Savills survey finds institutions and other investors set to put £27bn into nascent sector
The number of homes owned and managed by ‘for profit’ housing associations is set to grow seven-fold in the next five years according to a survey by consultant Savills.
Savills said the sector, which has grown from virtually nothing in the past decade to controlling an estimated 19,600 homes by 2022, will expand exponentially to hit 140,000 homes under ownership by 2027.
The consultant, in its annual survey of the nascent sector, said the number of for profit registered providers will also grow in the period, from 64 currently, to around 90, with firms investing a combined £27bn in the sector.

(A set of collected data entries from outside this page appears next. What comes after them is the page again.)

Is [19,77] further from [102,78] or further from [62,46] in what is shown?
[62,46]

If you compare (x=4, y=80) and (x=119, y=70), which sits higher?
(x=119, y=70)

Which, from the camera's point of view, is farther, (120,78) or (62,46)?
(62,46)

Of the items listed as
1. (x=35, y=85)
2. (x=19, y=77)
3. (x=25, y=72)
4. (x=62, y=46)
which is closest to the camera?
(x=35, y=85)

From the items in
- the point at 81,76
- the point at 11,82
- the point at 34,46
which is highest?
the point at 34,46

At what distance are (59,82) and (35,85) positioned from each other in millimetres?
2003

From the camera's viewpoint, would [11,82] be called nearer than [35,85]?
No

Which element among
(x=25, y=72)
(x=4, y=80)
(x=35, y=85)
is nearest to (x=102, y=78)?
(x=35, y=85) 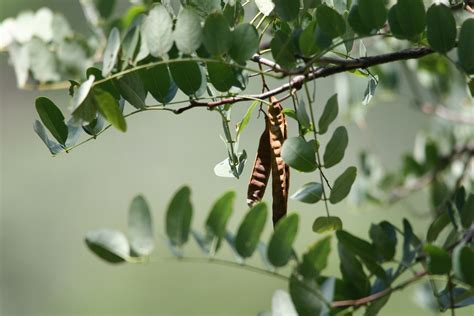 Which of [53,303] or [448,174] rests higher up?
[448,174]

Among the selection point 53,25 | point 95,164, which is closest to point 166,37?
point 53,25

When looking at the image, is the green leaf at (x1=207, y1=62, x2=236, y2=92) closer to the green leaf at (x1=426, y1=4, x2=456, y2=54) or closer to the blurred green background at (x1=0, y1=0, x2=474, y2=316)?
the green leaf at (x1=426, y1=4, x2=456, y2=54)

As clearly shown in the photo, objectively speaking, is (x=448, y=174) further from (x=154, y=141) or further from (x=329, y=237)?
(x=154, y=141)

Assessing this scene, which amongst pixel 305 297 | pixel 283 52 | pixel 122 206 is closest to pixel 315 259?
pixel 305 297

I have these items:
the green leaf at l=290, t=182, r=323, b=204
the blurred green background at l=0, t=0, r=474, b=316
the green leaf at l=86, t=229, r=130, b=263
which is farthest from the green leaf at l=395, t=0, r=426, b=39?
the blurred green background at l=0, t=0, r=474, b=316

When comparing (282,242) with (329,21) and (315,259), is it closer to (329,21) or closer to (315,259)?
(315,259)

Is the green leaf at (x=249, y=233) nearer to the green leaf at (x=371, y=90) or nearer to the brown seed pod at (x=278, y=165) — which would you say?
the brown seed pod at (x=278, y=165) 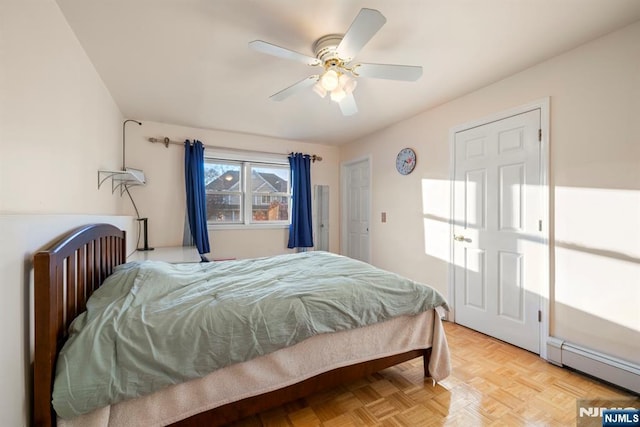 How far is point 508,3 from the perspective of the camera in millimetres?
1519

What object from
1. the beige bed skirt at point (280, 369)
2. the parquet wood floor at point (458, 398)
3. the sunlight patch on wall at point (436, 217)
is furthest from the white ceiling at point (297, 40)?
the parquet wood floor at point (458, 398)

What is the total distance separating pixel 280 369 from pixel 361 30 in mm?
1804

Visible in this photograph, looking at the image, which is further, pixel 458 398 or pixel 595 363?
pixel 595 363

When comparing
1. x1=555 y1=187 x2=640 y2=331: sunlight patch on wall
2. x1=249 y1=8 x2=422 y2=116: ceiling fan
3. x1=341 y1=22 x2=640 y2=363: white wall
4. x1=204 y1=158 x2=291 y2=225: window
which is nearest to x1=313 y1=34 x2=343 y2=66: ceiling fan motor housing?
x1=249 y1=8 x2=422 y2=116: ceiling fan

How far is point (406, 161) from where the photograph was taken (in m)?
3.39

The survey also shows the dominance of institutional players in the sector. Savills survey showed that while financial institutions represent only a fifth of the 64 for profit providers, those providers own 90% of all the homes owned by for profits. Institutional investors and fund managers, including Legal & General, Blackstone, Man Group and M&G having all registered for-profit providers in the last three years, with Blackstone’s Sage Housing now owning and operating more than 8,000 homes.

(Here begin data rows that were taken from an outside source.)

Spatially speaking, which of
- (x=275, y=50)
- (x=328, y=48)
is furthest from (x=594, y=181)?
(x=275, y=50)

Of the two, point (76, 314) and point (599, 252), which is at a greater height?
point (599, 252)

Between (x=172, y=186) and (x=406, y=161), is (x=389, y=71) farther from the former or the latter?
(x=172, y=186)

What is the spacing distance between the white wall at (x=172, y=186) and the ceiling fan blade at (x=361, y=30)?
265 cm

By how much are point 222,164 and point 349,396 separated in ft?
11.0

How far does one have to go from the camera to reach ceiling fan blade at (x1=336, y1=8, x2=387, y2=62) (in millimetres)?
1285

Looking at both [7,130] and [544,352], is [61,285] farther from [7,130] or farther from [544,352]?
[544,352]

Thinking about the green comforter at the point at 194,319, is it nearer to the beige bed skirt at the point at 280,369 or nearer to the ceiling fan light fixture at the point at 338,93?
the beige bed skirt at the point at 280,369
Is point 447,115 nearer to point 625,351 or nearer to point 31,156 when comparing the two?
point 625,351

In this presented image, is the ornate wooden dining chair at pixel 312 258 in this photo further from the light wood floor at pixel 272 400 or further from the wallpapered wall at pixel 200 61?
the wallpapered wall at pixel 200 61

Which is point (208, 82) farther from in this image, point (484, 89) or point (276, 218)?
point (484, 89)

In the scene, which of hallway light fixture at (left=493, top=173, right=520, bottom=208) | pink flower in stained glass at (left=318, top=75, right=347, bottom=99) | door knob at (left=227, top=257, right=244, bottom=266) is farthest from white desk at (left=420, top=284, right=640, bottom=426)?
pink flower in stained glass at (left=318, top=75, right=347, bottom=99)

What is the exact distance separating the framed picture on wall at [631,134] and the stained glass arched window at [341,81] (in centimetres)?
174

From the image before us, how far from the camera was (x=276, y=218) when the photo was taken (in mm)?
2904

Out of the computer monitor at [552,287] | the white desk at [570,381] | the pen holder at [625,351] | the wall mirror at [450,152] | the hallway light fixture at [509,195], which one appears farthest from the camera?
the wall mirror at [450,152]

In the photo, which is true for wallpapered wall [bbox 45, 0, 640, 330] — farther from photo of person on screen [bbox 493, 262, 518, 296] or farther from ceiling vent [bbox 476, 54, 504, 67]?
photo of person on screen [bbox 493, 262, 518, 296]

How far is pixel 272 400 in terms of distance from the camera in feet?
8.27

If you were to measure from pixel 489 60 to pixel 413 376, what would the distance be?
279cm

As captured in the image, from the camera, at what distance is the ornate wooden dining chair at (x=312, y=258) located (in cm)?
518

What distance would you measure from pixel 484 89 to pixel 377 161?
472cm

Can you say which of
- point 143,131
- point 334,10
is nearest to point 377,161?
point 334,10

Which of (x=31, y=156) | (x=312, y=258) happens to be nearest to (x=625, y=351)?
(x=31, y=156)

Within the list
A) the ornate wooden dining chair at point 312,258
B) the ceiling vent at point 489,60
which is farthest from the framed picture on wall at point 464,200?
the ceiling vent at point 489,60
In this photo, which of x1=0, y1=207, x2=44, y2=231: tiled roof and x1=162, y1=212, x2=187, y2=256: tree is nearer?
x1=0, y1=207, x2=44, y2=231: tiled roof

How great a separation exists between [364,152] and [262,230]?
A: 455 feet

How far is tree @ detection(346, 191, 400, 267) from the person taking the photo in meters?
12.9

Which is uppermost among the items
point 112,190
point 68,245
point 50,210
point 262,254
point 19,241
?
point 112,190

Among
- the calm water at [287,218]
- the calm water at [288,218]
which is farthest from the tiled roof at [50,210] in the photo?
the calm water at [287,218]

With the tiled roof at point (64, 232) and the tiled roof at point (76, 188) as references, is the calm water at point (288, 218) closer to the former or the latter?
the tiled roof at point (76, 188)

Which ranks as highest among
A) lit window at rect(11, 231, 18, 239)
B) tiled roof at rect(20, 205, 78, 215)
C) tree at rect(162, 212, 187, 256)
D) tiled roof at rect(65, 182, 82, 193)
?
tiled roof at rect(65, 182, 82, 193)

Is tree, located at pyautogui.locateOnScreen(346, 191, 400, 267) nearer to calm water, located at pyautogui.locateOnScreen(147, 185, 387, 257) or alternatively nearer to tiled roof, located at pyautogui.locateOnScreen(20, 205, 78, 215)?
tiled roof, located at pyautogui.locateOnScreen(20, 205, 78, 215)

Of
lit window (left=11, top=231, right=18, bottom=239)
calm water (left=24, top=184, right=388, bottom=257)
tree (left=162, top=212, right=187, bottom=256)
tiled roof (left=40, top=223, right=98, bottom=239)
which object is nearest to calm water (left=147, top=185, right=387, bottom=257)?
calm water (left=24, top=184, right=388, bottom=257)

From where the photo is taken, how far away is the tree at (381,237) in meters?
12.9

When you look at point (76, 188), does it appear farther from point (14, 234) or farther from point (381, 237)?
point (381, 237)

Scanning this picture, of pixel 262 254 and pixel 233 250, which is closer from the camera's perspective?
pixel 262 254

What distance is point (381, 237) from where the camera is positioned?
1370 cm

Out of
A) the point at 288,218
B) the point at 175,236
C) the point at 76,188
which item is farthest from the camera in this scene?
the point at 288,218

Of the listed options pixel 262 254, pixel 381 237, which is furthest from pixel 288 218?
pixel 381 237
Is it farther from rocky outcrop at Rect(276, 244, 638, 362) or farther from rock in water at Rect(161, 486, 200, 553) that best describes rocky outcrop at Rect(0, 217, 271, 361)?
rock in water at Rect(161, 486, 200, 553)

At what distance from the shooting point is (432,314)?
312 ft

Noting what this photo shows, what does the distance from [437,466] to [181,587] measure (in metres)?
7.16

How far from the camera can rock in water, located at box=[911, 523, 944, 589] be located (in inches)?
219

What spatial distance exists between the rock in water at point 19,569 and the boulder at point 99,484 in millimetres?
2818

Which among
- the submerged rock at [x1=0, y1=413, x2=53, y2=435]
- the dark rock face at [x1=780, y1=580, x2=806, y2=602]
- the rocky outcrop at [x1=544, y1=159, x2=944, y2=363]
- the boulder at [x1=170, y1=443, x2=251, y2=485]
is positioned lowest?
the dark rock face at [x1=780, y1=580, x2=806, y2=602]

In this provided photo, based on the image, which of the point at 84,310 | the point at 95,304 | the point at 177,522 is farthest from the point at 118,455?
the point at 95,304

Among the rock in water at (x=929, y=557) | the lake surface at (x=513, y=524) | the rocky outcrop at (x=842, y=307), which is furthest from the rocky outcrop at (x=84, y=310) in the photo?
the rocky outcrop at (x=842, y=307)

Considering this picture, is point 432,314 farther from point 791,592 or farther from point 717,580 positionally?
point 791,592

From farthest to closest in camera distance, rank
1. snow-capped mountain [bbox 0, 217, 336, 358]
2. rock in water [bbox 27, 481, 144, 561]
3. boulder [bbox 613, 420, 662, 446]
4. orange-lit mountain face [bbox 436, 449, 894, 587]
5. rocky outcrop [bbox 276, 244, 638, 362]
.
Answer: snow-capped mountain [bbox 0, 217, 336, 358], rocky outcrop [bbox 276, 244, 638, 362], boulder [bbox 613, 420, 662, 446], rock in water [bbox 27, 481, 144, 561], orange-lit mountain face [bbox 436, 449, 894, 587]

Savills said there was “huge investor appetite for environmentally friendly, regulated assets that provide tangible social benefit”, and that this gave existing for profit providers “a deep well of capital to draw on as they grow.”
See also>> ‘For-profit’ Sage sets 30,000-home target
There are currently around 60 applications for new for profit providers sitting with the regulator, Savills said, adding that early movers will see a significant competitive advantage.

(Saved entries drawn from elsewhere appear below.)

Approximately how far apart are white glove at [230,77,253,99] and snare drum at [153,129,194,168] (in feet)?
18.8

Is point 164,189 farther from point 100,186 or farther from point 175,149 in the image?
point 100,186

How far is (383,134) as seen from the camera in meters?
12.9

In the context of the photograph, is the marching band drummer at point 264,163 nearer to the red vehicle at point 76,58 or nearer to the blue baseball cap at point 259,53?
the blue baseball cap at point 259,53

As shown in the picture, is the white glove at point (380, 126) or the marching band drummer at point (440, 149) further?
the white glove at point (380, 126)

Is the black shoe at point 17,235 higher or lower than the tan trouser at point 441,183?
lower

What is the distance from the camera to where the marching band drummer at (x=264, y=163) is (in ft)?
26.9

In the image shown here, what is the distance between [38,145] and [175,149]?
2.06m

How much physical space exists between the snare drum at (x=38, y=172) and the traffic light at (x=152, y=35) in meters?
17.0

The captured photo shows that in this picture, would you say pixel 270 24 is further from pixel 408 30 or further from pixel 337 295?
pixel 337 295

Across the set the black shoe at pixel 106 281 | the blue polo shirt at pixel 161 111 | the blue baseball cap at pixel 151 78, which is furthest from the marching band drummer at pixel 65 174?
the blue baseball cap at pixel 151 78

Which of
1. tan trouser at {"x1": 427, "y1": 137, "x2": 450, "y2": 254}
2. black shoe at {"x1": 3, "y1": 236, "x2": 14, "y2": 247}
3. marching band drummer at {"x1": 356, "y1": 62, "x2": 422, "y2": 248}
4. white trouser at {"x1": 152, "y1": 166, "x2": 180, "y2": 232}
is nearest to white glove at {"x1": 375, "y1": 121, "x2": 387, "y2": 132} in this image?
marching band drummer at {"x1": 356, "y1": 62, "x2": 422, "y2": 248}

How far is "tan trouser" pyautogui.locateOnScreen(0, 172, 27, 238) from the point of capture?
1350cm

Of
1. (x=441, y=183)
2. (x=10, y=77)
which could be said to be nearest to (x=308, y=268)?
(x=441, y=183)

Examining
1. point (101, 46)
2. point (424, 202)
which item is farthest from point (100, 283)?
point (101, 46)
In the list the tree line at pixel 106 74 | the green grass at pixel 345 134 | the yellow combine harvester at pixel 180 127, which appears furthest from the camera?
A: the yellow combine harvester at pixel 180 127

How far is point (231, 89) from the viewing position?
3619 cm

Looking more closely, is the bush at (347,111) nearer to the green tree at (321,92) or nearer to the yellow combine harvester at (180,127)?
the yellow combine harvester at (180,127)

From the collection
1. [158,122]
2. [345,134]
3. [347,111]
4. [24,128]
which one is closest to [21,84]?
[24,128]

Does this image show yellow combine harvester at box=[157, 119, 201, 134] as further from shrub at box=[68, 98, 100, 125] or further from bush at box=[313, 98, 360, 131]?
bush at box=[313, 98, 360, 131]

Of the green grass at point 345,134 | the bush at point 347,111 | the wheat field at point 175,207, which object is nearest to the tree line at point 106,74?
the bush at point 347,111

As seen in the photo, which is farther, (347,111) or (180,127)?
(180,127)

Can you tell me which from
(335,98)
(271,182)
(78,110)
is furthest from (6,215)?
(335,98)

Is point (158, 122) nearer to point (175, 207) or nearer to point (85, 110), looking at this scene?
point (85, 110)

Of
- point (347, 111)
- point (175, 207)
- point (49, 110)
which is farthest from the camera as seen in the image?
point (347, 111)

‘For profits’ are seen as a key source of new housing supply for the sector, often partnering with housebuilders and housing associations to take on properties under section 106 deals from new developments, which can otherwise hold schemes up.
Helen Collins, head of savills affordable housing consultancy, said the ‘for profit” sector was in the “early growth phase of new entrants to the affordable housing sector”. She said the firms were able to compare the policy and economic landscape of affordable housing with other investment classes. “This fresh perspective creates opportunities to question how things are done and bring innovation – a start-up approach.
“As a result, we have seen more interest from housing associations and local authorities coming to us for help in exploring the options for partnership working. There is also steep learning curve for new entrants around things housing associations have done for years, such as their deep understanding of regulation and risk.”
Steve Partridge, director, savills housing consultancy, said: “With inflation running high, affordable housing can give investors inflation-linked returns, while delivering energy-efficient, affordable, and well-regulated homes. Growth in this sector is limited by the availability of stock, not by investor demand of the availability of capital.”